Авторы сформулировал вывод о том, что перспектива повстанческого движения была закономерна. Участники протестного движения даже в соседних регионах различались особенностями поведения, масштабом деятельности, численностью и составом. Повстанчество по своей значимости в жизни крестьянства и его отношениях с властью уступало поведению «молчаливого большинства»: консерватизм как характерный архетип крестьянского сознания основывалась на нежелании и боязни радикальных перемен. Традиционалистско-патерналистские стереотипы политического сознания и поведения российских крестьян, формировавшиеся веками, имели глубокие корни. В крестьянской среде государство традиционно воспринималось как гарант стабильности и порядка. В отношениях между человеком и государством последнее всегда являлось господствующим. Другим архетипом в крестьянском мироощущении выступала ассоциация легитимности верховной власти с идеей о сакральности власти. В подданическом поведении крестьянской массы это выражалось в подчинении власти, основанном на вере в ее всесилие. Неслучайно в политическом поведении крестьян традиционно проявлялось пренебрежение правом на политическую власть. Отчуждение власти и населения непосредственно проявлялось во взаимоотношениях крестьянства и государства. Крестьянство никогда не ассоциировало себя в качестве субъекта реальной политики, добровольно отдавая данную функцию государству.

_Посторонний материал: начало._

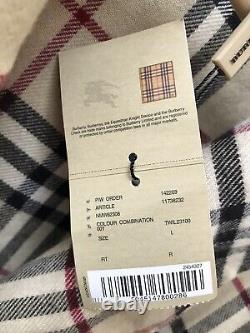 GREAT GIFT FOR DAD! Authentic BURBERRY NWT Iconic Plaid Bathrobe with Belt Sz L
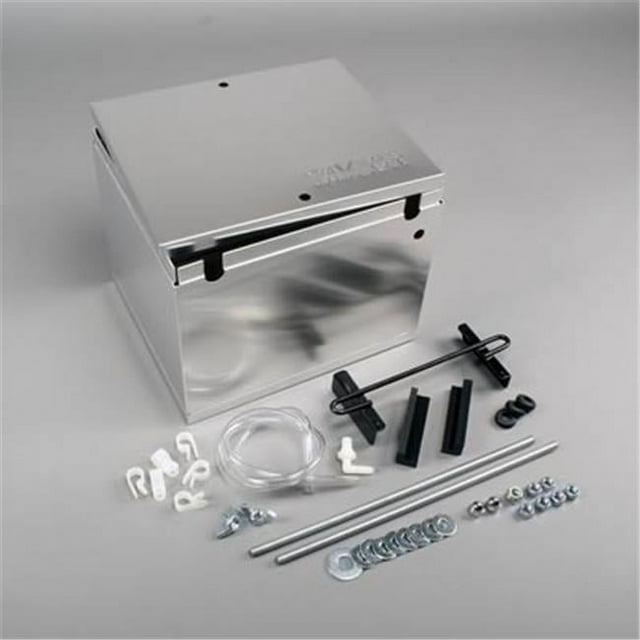 TAYLOR CABLE 48200 Satin Battery Box With Mounting Hardware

Для российского крестьянства привычной являлась идеализация «правды» (в понимании справедливости), всеобщего равенства, неразвитость идеала свободы. Крестьянская общинность основывалась на уравнительном принципе социальной справедливости и антисобственнических настроениях. Восприятие свободы в крестьянском сознании носило неизгладимую печать традиционной русской «воли». Однако свобода и воля имеют существенные различия. Свобода по-русски (то есть «воля») была лишена институционального, социального содержания. Воля, в отличие от свободы, предполагающей обязанности каждого отдельного человека по отношению к обществу и другим гражданам, не социальна, она представляет собой способ поведения отдельного субъекта, который не включен в систему нормативных социальных отношений. Стереотип русской вольницы проявлялся в правовом нигилизме крестьянства, в их ментальной установке судить не по закону, а по справедливости. Многие отказывались в открытую восстать против власти государства из—за боязни мести за участие в восстании: население на собственном опыте уже познало карательную мощь государственной военной и административной системы. Решившийся на восстание осознавал, какие последствия ожидают его самого и его семью. Все имущество участников восстания подлежало конфискации. Разобщенность протестных проявлений усиливалась различной окраской (продовольственной, религиозной, национальной).